Oleolito di Calendula: speciale per la pelle secca e sensibile

Oleolito di Calendula: speciale per la pelle secca e sensibile

La Calendula è un fiore annuale nativo del Mediterraneo settentrionale. Il suo nome si riferisce alla sua tendenza a fiorire seguendo l'andamento del calendario, di solito una volta al mese o con ogni luna nuova.

 

E' conosciuta anche con il termine "Marigold", un nome che si riferisce alla Vergine Maria perché sono i fiori che vengono utilizzati per onorarla durante gli eventi cattolici. Gli Egiziani credevano che avesse proprietà ringiovanenti mentre nel mondo Indù i fiori erano usati per adornare le statue degli Dei all'interno dei loro templi.

 

Applicare un oleolito alla Calendula sulla mia pelle vuol dire vederla rinascere perché le sue proprietà antinfiammatorie, antisettiche e antibatteriche la aiutano ad essere priva di irritazioni, rossori, pruriti e imperfezioni cutanee.

 

E non solo, perché la sue proprietà nutrienti, idratanti e rigeneranti possono migliorare sensibilmente anche le pelli più secche e screpolate.

 

Il modo migliore che ho trovato per beneficiare delle incredibile proprietà della Calendula è quella di crearmi un oleolito.

 

L'oleolito è semplicemente un preparato definito “macerato”, perché i fiori vengono immersi in un olio vegetale e lasciati a macerare per un determinato lasso di tempo.

 

Solitamente prendo un barattolo di vetro (quelli che servono anche per la conserva) e lo riempio con ¾ di fiori secchi di Calendula (che acquisto presso la mia erboristeria ma si possono trovare anche su internet). Poi ricopro tutti i fiori con un olio vegetale.

 

Spesso e volentieri uso quello di semi di Girasole perché è leggero e ricco di vitamina E ma puoi usare anche quello di Mandorle dolci, di Jojoba o di Vinaccioli (che trovi sempre in erboristeria).

Il livello dell'olio vegetale non deve arrivare sotto al tappo del barattolo ma deve essere appena sopra ai fiori, cosi' l'oleolito rimane più concentrato.

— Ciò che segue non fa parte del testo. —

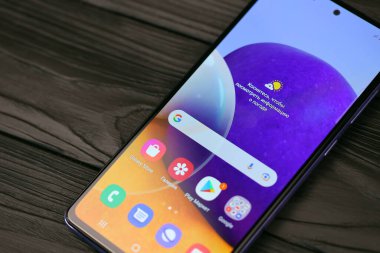 KYIV, UKRAINE - 4 Mayıs 2023: Samsung Galaxy A72 Android akıllı telefonu büyük ekran paneli ve tip-c portu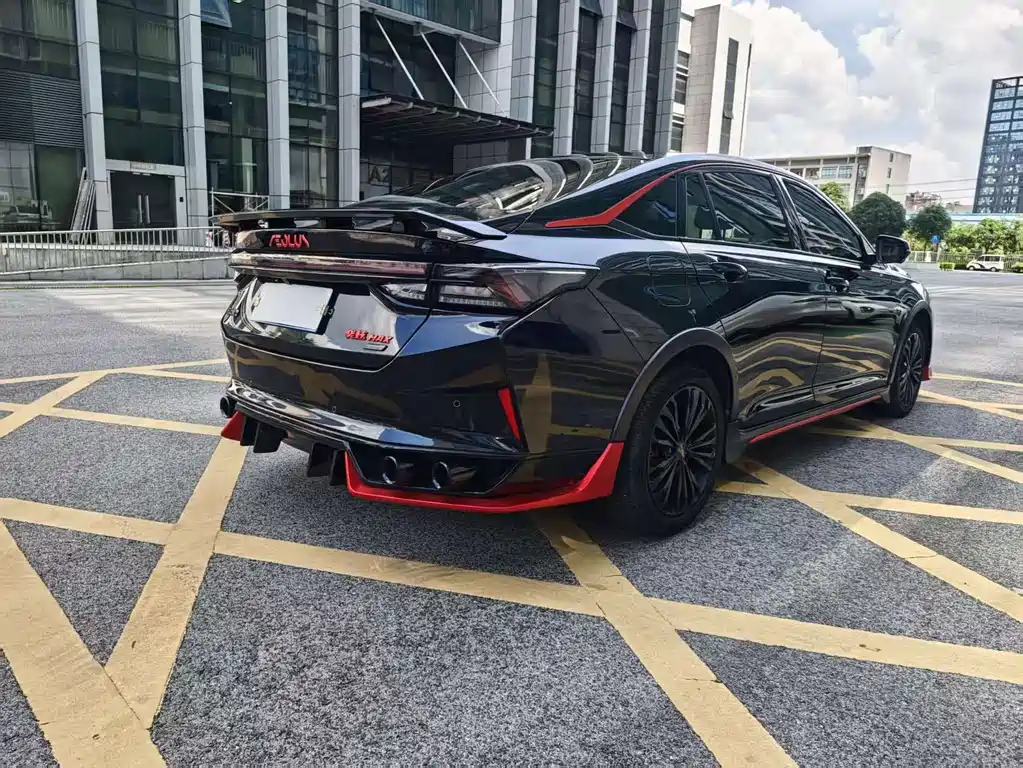 DONGFENG YI HYUN MAX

Chiudo bene con il tappo ermetico e scuoto per un minuto.

 

Poi lascio macerare i fiori per almeno 3 settimane mettendo il barattolo in un luogo buio e fresco. Se ti dimentichi per un giorno o due non succede niente ma sarebbe meglio scuotere il barattolo quotidianamente per iniziare ad amalgamare le proprietà che i fiori di Calendula rilasciano all'interno dell'olio vegetale.

 

Durante queste 3 settimane infatti le capacità terapeutiche dei fiori vengono lentamente rilasciare e diffuse all'interno dell'olio vegetale che a sua volta diventa attivo a livello terapeutico e permette a chi lo usa di beneficiare delle qualità curative dei fiori di Calendula.

 

Terminato il periodo di macerazione è possibile iniziare ad usarlo.

 

Personalmente ne verso circa 20 gocce all'interno di una confezione di crema viso per calmare la pelle e per renderla liscia e morbida.

In una confezione di crema corpo invece aggiungo circa 50 gocce per trattare zone un po' più ruvide come gomiti e talloni.

 

Puoi anche usarlo puro, ad esempio puoi spalmarne 1-2 gocce su un brufolo, su un herpes labiale o su un piccolo taglio.

Puoi applicarlo e massaggiarlo fino a completo assorbimento sulle zone appena depilate oppure puoi miscelarne 10 gocce ad un cucchiaio di gel di Aloe Vera per dare sollievo alla pelle arrossata dal sole.

Un articolo non basta per descrivere tutti gli usi dell'oleolito di Calendula ma già quelli elencati sono sufficienti per darti la possibilità di creare il tuo oleolito di Calendula in casa e di far sentire la tua pelle veramente coccolata.